The language of the waiver cannot be convoluted, in fine print, ambiguous or fraudulent in any way. “If it is, the courts will strike it down,” he added.
Having large event attendees sign liability waivers could help prevent an overwhelming number of lawsuits, Sweeney said.
Individual allegations of liability can hinge on whether a company has been ordinarily negligent or grossly negligent in their actions, Chapa pointed out. “If you sign the waiver, are business owners always going to be absolved of liability? No,” he said. “If there is gross negligence involved, then the business owner could be held responsible.”
Companies that utilize waivers should continue to take the recommended precautions related to COVID-19, said Frank Misuraca, Attorney, Kaufman, Payton & Chapa, Farmington Hills, Michigan. “If a business owner makes patrons sign this waiver but then takes none of the governor’s recommended precautions, it is possible that would be considered grossly negligent,” he said. “On the other hand, a business owner of a gym who enforces masks and social distancing but still requires a waiver is doing something to protect you and also asking patrons to understand the risk that is involved.”
Businesses should also know that waivers signed on behalf of a child, for example, will likely afford no protection against liability. “Case law has come down that says parents cannot waive the rights of their children,” Chapa said. However, in Michigan, there is a statutory exception carved out for recreational non-profit organizations.
Whether or not they choose to have customers sign liability waivers, business owners should protect their interests by investing in CGL Insurance coverage that can help them mitigate costs related to incidents of all kinds.
Importance of public health guidance, de-escalation
All businesses should rely on state and public health guidelines when implementing new policies and procedures. “My suggestion would be to follow your local government’s recommendations and suggestions, and if none exist, follow what the Centers for Disease Control and Prevention is recommending you do as the country begins to open up,” Sweeney said.
When conflicts arise, de-escalation should be the goal. After an incident at a Costco in May, in which a shopper refused to wear a mask and berated an employee, the staff member who handled the encounter was widely praised for his calm response. “The employee took the shopping cart, said you are no longer welcome at Costco, and then walked away,” Sweeney said, noting that this response is ideal. “I would suggest that customer-facing employees try to de-escalate the situation.”
If a customer refuses to comply, law enforcement should be called. “Calling the police is really the shop owner’s only option at that point,” Misuraca said. “Businesses have to train their employees not to get involved. They are protecting their own employees as well as the general public.”
Because confrontations with customers could happen at businesses of any size, no company should feel immune to potential lawsuits.
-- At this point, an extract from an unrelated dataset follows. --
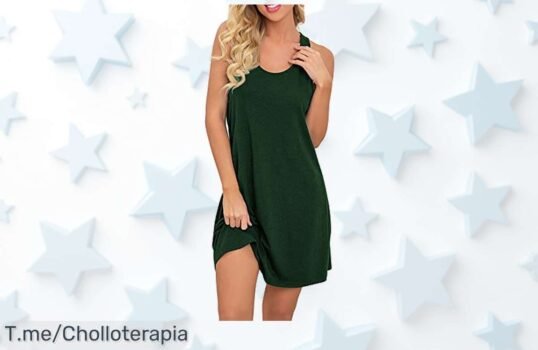Vestido de algodón súper sexy con tirantes diseño único disfruta este ofertón con descuento brutal en precio loco solo hoy no te quedes sin tu super ganga compra ya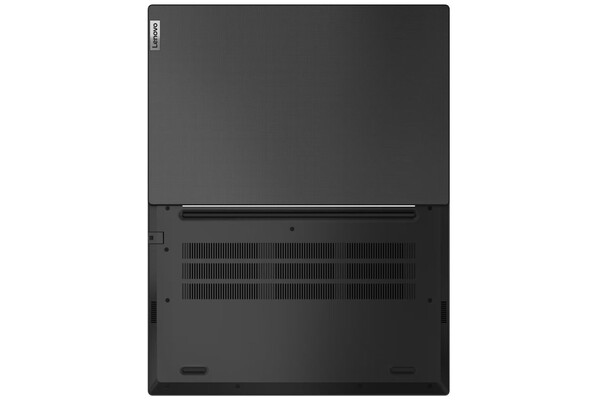 Laptop Lenovo V14 14.0" Intel Core i5 13420H INTEL UHD 32GB 512GB SSD M.2 Windows 11 Professional czarny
Sweeney recommends business owners consult their insurance broker or agent about their current CGL Insurance coverage, to discuss how their needs may have changed since the start of the COVID-19 crisis.
“There are so many different angles and facets to these situations that no two circumstances will be identical,” said Sweeney. “This is why it is imperative to consult someone with experience and expertise in writing insurance policies for your type of business. If you own a restaurant, consult and insurance broker or agent who knows and understands restaurants—how they operate and what their liabilities are.”